:: Records to use

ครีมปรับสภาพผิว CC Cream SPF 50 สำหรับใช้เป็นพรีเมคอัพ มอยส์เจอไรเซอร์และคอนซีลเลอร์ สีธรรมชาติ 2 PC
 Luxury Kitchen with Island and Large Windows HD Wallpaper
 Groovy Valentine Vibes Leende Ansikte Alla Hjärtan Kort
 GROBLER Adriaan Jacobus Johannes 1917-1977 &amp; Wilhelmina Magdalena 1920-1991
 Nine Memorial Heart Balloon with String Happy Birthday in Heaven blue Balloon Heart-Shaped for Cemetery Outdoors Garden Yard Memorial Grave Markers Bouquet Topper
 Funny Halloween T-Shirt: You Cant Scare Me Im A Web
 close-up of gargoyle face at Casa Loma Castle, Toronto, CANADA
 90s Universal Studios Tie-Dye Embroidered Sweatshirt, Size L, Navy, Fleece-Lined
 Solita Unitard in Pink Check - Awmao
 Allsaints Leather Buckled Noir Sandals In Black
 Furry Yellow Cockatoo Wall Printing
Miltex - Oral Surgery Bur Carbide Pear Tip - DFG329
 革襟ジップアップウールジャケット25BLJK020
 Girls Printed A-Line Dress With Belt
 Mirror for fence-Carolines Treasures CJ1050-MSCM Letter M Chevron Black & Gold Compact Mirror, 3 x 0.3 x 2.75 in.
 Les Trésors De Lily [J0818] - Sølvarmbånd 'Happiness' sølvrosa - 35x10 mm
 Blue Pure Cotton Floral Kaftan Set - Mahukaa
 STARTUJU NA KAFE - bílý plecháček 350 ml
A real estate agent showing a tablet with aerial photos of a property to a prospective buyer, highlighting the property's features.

::::

* **Assigned task**:
An exact, complete copy of the lines above from the one with "Funny Halloween T-Shirt: You" through the one with "Furry Yellow Cockatoo Wall Printing" is the whole answer.

* **Reply to the task**:
 Funny Halloween T-Shirt: You Cant Scare Me Im A Web
 close-up of gargoyle face at Casa Loma Castle, Toronto, CANADA
 90s Universal Studios Tie-Dye Embroidered Sweatshirt, Size L, Navy, Fleece-Lined
 Solita Unitard in Pink Check - Awmao
 Allsaints Leather Buckled Noir Sandals In Black
 Furry Yellow Cockatoo Wall Printing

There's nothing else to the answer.